Baru saja tadi saya menghadiri undangan dari rekan sejawat
almarhum Bapak saya, yang sedang memperingati seribu hari wafatnya sang ibunda.
Usia beliau saat ini sekitar tujuh puluh dua tahunan.
Beberapa kali dalam selang waktu empat bulanan
ini saya bertemu beliau di kediamannya atas permintaan beliau untuk membereskan
kerewelan computer dan printernya. Alhamdulillah, bisa
sekalian menyambung silaturahim. Setiap periode usia memang mempunyai kekhasannya masing-masing, demikian
juga beliaunya dengan usia sepuhnya,
maka sebagai orang yang lebih muda saya harus lebih sabar untuk mendengar dan
menyimak pembicaraan beliau yang selalu bersemangat dengan intonasi yang
meledak-ledak. Banyak dan selalu diceritakan adalah tentang
masa lalunya, juga tentang masa lalu mendiang bapak saya saat bersama-sama
dengan beliau.
Ah… rasanya sudah sering saya mendengarnya, tiap kali juga sama yang diceritakan, tetapi tetap Alhamdulillah, sebab di antara kisahnya
adalah tentang kebaikan yang pernah dilakukan oleh mendiang bapak saya. Bukankah
itu termasuk kesaksian yang baik ? Di
antaranya tentang kebiasaan mendiang bapak saya yang suka mentraktir
rekan-rekannya walau pun dalam kondisi keuangan yang sangat terbatas, tentang
kesombongannya dalam menyombongi orang yang sombong, tentang tanggung jawabnya
dan sebagainya.
Namun ada satu hal yang yang sering dikatakan pada saya dengan
intonasi yang tinggi, “Papamu kuwi hebat,
jian, laa ilaha ilallah, hebat tenan…” He… he… he… bagi
saya sih biasa saja, namun yang dianggap beliau hebat itu adalah pertanda yang
diberikan mendiang bapak saya sebelum meninggal dunia, bahkan sejak sebulan
sebelumnya. Satu bulan sebelumnya, karena kendaraan bapak saya rusak dan
masih harus opname di bengkel, maka bapak saya minta diantar pulang ke rumah dan
diperjalanan mendekati rumah, beliaunya mengatakan bahwa bapak saya selalu
menunjukkan patokan-patokan yang jelas menuju rumah agar besok kalau beliaunya
ke rumah tidak kesasar. Yang kedua, mendiang bapak saya
menanyakan jadwal wisuda putera beliaunya itu, namun setelah diberitahu oleh
putranya, bapak memberi ucapan selamat dan mengatakan kalau beliau tidak bisa
ikut menyaksikan, sebab kenyataannya memang jadwal wisuda itu tepat satu bulan
setelah bapak saya meninggal. Yang ketiga, menurut beliau, satu hari
sebelum meninggal beliau masih mengobrol di kantor dengan bapak saya, namun
beliau pamit pulang dulu karena ada keperluan dan saat itu bapak saya
mengatakan, “Sesuk ora ketemu aku
lho…”. Benarlah besoknya bapak
saya meninggal dunia.
Itu sekedar prolog.
Dalam acara tahlilan tadi, yang mengusik rasa
saya adalah kehadiran teman-teman kecil beliaunya satu kampung dulu. Dari
yang sebaya dan sekampung menurut cerita beliau, hanya tinggal empat yang masih
diberi usia oleh Gusti Allah. Salah duanya yang datang
malam tadi, kakak beradik, yang adiknya malah sudah tampak sepuh sekali, bahkan seperti terserang
parkinson.
Ada juga rekan beliau yang juga hadir, berusia delapan puluh
empat tahun, dengan kondisi yang masih bugar, subhanallah.

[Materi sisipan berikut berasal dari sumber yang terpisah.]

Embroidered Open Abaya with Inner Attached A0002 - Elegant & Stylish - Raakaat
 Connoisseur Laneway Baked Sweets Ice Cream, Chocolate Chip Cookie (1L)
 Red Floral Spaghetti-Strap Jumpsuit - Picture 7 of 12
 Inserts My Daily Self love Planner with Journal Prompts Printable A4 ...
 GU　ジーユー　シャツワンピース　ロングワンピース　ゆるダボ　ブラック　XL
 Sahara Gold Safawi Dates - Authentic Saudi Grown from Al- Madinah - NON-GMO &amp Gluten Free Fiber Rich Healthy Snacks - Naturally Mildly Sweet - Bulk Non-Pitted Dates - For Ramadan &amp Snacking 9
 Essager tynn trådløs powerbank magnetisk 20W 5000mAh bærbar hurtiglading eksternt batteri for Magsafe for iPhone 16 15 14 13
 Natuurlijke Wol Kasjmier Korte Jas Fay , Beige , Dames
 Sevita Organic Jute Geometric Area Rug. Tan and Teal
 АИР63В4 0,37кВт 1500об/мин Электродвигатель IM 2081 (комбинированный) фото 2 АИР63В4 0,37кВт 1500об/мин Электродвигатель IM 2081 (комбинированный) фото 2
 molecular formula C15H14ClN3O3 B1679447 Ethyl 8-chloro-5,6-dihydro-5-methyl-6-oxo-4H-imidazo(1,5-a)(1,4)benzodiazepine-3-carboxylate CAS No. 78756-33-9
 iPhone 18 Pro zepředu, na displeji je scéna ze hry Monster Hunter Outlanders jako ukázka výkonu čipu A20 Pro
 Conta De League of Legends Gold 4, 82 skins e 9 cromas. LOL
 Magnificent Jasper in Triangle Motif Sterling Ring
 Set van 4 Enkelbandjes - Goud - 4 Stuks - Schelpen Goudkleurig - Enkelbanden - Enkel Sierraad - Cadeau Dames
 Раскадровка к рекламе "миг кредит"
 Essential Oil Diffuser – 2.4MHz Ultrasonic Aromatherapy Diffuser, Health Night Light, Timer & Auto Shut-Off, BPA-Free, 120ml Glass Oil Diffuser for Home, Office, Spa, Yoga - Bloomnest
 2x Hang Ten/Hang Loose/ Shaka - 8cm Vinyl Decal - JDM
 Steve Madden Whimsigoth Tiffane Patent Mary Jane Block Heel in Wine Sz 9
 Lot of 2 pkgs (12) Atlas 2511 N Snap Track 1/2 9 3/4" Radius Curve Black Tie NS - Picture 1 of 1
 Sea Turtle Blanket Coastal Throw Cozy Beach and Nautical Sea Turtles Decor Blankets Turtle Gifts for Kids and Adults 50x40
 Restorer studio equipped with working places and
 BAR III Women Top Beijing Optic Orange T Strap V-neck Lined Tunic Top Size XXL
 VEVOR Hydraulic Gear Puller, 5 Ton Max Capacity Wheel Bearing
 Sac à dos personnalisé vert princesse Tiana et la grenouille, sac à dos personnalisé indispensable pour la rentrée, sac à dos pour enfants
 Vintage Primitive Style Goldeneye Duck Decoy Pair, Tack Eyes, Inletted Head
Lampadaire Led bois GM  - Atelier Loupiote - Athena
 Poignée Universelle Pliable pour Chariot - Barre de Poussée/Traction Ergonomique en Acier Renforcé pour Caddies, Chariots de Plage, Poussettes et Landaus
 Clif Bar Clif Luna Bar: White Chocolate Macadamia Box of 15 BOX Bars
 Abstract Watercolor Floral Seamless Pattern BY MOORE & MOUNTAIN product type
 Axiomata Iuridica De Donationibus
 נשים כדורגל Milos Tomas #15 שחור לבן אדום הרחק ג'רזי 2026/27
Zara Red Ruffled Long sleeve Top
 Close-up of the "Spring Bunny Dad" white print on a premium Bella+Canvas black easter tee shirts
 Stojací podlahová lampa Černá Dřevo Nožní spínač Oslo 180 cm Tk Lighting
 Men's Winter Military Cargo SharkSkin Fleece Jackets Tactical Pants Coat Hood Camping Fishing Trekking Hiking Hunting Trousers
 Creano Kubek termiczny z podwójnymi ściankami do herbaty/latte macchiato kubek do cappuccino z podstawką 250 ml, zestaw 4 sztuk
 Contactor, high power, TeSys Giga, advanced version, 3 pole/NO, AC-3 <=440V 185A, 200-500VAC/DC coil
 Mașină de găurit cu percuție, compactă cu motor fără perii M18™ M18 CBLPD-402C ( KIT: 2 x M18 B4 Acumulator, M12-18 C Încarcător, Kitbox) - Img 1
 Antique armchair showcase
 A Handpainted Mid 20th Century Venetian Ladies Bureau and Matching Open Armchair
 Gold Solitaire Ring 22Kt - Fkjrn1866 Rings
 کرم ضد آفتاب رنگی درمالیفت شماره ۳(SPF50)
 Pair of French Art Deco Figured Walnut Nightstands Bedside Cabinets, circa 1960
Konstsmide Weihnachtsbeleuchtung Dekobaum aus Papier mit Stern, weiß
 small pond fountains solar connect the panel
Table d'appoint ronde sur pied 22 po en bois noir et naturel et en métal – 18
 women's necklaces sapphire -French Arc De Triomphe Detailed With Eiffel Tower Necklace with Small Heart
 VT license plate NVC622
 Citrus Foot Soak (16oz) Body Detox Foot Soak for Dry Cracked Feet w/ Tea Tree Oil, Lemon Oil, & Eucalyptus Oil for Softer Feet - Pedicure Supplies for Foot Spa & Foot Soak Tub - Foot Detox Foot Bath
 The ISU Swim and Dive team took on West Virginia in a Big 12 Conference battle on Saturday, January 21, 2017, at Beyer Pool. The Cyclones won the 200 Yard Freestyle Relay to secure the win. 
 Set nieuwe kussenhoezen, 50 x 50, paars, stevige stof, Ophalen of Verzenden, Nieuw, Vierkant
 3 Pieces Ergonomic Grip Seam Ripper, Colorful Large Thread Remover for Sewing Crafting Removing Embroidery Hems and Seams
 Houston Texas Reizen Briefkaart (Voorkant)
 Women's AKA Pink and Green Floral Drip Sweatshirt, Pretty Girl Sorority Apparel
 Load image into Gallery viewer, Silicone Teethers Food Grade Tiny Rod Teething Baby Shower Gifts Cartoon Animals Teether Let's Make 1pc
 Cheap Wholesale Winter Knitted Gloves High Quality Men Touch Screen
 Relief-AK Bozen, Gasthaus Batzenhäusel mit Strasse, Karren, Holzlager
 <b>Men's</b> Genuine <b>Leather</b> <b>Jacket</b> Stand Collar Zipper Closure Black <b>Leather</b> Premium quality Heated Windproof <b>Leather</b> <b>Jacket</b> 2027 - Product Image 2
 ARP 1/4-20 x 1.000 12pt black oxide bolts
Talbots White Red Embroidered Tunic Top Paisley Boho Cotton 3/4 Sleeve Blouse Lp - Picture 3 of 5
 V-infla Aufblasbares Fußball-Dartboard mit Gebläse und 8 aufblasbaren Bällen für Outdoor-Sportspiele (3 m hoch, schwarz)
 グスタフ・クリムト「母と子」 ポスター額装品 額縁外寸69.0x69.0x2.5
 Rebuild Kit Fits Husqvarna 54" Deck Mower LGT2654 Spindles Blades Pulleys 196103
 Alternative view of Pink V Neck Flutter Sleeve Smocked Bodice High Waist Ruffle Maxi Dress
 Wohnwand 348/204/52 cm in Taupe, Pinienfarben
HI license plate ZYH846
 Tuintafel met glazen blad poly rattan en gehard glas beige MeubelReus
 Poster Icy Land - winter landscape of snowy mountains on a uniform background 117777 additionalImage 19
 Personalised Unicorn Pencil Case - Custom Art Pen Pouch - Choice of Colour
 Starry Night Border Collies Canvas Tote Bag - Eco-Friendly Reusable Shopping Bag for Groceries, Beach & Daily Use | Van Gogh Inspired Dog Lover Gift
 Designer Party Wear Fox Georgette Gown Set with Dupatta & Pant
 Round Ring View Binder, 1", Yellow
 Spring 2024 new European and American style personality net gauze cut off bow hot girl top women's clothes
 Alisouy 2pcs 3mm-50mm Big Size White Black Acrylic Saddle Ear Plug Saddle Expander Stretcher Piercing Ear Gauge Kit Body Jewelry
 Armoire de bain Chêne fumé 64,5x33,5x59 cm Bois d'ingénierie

Pembicaraan yang terjadi tak lepas juga
tentang sebuah kematian yang mau atau pun tidak harus dihadapi, rela atau pun
tidak harus terjadi.
Yang pasti, makin banyak melintas usia,
makin sedikit nikmat raga yang tersisa.
Kalau sebelum enam puluh tahun kemudian meninggal, saya kira
mendadak ya… ? Namun kalau sudah sepuh-sepuh sepertia beliaunya itu
dimana teman-teman lain sudah mendahului menghadap Gusti Allah, apa yang ada di
perasaannya ya ?
Sebuah permenungan yang lagi-lagi
muncul. Bersua dengan para sesepuh, membekas kesan nan dalam. Kepasrahan menunggu saat panggilan datang atau
malah kegamangan yang bercampur kengerian ? Bagaimana
denganku dan bagaimana pula denganmu ???